This notebook implements a light-weight version of an ICLR'23 paper system: REACT (https://react-lm.github.io)

![image-2.png](attachment:image-2.png)

In [20]:
from llm_challenge.utils.misc import read_dict_from_json, \
                                     set_openai_api_key, \
                                     write_dict_to_json, \
                                     get_completion, \
                                     read_text
from pathlib import Path
from tqdm import tqdm
import time
import numpy as np
import openai

In [21]:
set_openai_api_key()

In [22]:

dset = "tutorial"
DATA_DIR = "../data"

qas_dict = read_dict_from_json(f"{DATA_DIR}/qas/qas_{dset}.json")
doc_fnames = list(set([DATA_DIR + "/datasheets/" + datum["datasheet"]  for datum in qas_dict.values()]))
module_names = [_.split('/')[-1][:-4] for _ in doc_fnames]

#### REACT



In [23]:
instruction = """Solve a question answering task about datasheets with interleaving Thought, Action, Observation steps. 
Thought can reason about the current situation, and Action can be five types: 
(1) Search[`module_name`], which searches for the name of electrical/electronic component `module_name` mentioned in the question.

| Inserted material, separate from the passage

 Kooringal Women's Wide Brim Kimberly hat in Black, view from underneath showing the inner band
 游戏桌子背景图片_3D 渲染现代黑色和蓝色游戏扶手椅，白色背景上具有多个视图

If not, it will return UNK.
(2) Annotate, which lists no more than three keywords that distinctively describe the `question`.
(3) LookupKeywords, which returns a piece of text containing the list of keywords.
(4) Reason, which provides a response to the `question` based on the returned text.
(5) Finish, which returns the response (from reasoning step) and finishes the task if answer is known or not.
Here is one example.
"""

examples = """
Question: What is the purpose of the Conditional Search ROM command in the DS28E04-100 module?
Thought 1: I need to find the datasheet of the DS28E04-100 module.
Action 1: Search[DS28E04-100]
Observation 1: datasheet found.
Thought 2: Now I need to look up the paragraph that talks about Conditional Search ROM command. Let me provide some keywords to find this paragraph.
Action 2: Annotate
Observation 2: Conditional Search, ROM, command
Thought 3: Let me look up the paragraph that contains these keywords
Action 3: LookupKeywords
Observation 3: Relevant text found.
Thought 4: Now I need to reason about the question given the found text.
Action 4: Reason
Observation 4: The purpose of the Conditional Search ROM command in the DS28E04-100 module is to allow the bus master to identify devices on a multidrop system that fulfill certain conditions (CSR = 1) and have to signal an important event. Only those devices that fulfill the conditions will participate in the search. After each pass of the conditional search that successfully determined the 64-bit ROM code for a specific device on the multidrop bus, that particular device can be individually accessed as if a Match ROM had been issued, since all other devices will have dropped out of the search process and will be waiting for a reset pulse.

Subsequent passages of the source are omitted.